▶ _DATA FOR THE TASK_:
▬▬▬▬▬▬▬▬▬▬

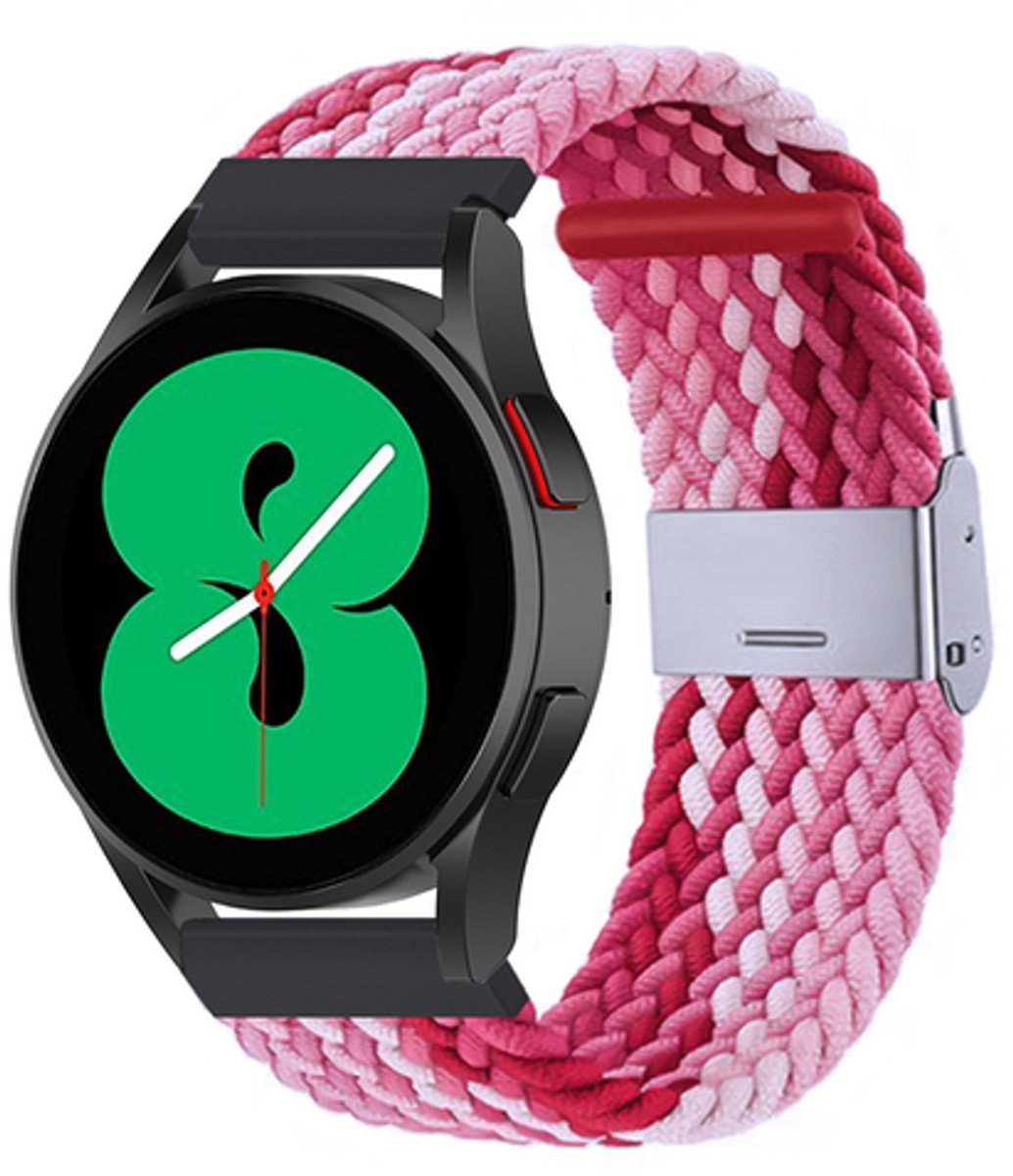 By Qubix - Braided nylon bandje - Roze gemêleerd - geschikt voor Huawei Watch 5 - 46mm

▬▬▬▬▬▬▬▬▬▬

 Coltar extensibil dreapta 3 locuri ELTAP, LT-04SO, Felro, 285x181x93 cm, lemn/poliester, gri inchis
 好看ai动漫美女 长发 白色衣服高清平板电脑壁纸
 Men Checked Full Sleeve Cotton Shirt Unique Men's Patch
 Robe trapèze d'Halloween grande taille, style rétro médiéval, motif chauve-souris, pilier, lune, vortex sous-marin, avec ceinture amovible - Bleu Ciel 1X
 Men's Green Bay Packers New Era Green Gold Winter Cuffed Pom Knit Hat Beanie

▬▬▬▬▬▬▬▬▬▬

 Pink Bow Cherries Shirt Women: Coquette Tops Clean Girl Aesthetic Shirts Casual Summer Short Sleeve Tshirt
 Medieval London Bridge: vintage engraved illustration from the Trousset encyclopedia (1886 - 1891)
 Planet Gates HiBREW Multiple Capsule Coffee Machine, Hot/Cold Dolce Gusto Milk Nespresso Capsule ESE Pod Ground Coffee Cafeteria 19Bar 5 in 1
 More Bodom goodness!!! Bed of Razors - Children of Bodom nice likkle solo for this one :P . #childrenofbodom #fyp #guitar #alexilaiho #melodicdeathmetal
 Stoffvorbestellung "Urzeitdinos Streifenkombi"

▬▬▬▬▬▬▬▬▬▬

▶ _PROMPT_: Set down, exactly as they appear above, all lines from the one that has "Robe trapèze d'Halloween" down to the one that has "Men's Green Bay", including those two and no others.

▶ _REPLY TO THE EXERCISE_:
 Robe trapèze d'Halloween grande taille, style rétro médiéval, motif chauve-souris, pilier, lune, vortex sous-marin, avec ceinture amovible - Bleu Ciel 1X
 Men's Green Bay Packers New Era Green Gold Winter Cuffed Pom Knit Hat Beanie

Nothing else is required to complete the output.